Sam Glover is a consumer rights lawyer, enemy of shady debt collectors, previous Consumerist contributor, and writes the Caveat Emptor blog. This is the first of his new column for Consumerist, appearing the first Monday of every month.

…that if a company violates the law, the consumer may sue them. A private right of action is so important because regulators charged with enforcing existing regulations rarely bother to do their jobs. Even Congress, in spite of abundant warnings, did nothing to prevent the economic meltdown. Therefore we need to…

GIVE CONSUMERS THE RIGHT TO ENFORCE REGULATIONS, AND THEY WILL
And consumers will enforce regulations long before slow-moving, ineffective government regulators and legislators get around to it. Consumers are the canaries in the coal mine, but a private right of action is the key to the birdcage.

ATTORNEY FEES MUST BE INCLUDED
A private right of action must include attorney fees if the consumer wins. Navigating the court system is difficult, and consumers often need the help of a knowledgeable lawyer to assert their rights and win. But without an attorney fee provision, they often will not have the financial means to do so.

“TRIAL-LAWYER” IS NOT A FOUR-LETTER WORD
Companies use the phrase “trial lawyers” as if it were a four-letter word. But trial lawyers who do consumer rights work are just private regulators, keeping companies in compliance with the law one consumer at a time. It’s no wonder they don’t like us.

IT DOESN’T MATTER HOW SMART OR STUPID REGULATIONS ARE, COMPANIES WANT THEM WEAKER
Meanwhile, debt collectors, credit bureaus, credit card companies, mortgage lenders and brokers, and many others are trying to weaken consumer protections already in place, like the Fair Debt Collection Practices Act, the Fair Credit Reporting Act, and the bankruptcy code, and prevent new regulations, however smart.

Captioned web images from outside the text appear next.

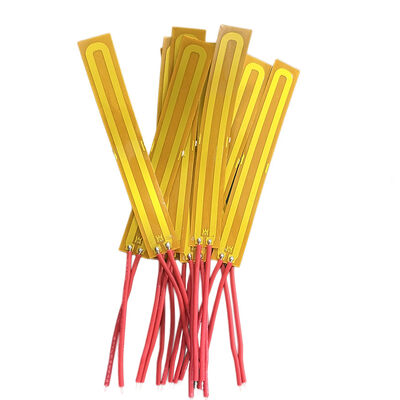 Caldaio a pellicola sottile inciso per apparecchi di bellezza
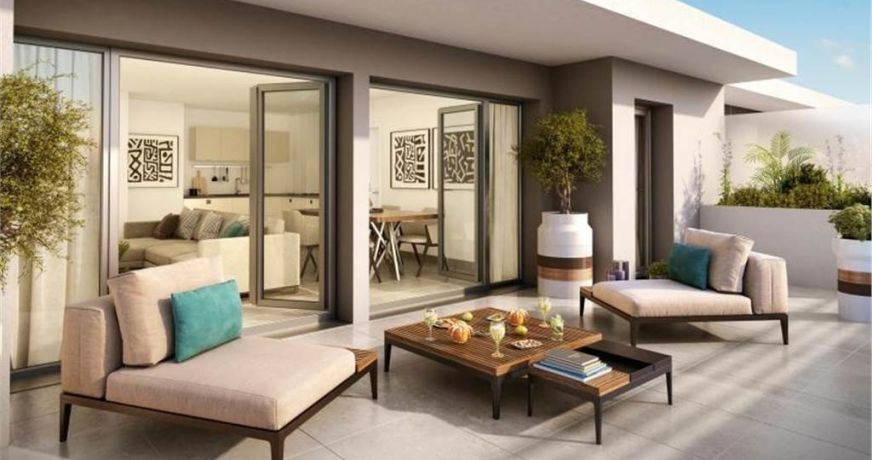 vente Appartement en frais réduits Beausoleil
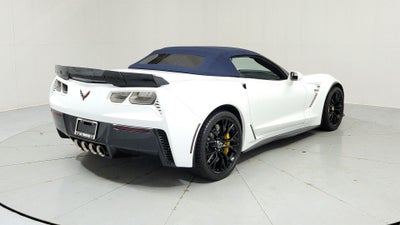 2015 Chevrolet Corvette Z06 3LZ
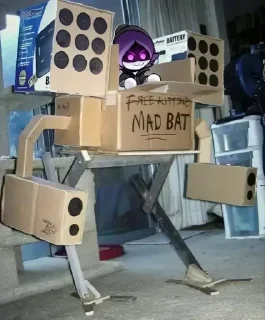 Sticker My memes @TgEmodziBot - 1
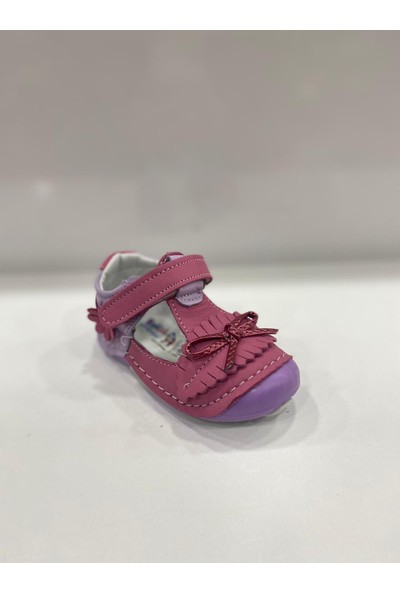 İnci Moda Incimoda Çok Hafif Çok Rahat Hakiki Deri Tam Ortopedik Ilk Adım Çocuk Ayakkabısı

TELL YOUR ELECTED OFFICIALS YOU CARE ABOUT YOUR CONSUMER RIGHTS
Consumers must protect good regulations that are already on the books, and now is the time to push for better regulation of things like mortgage lending, credit cards, payday lending, and product safety. Call your senator, write to your representative, and make sure your consumer rights are on their minds.

(Photo: Getty)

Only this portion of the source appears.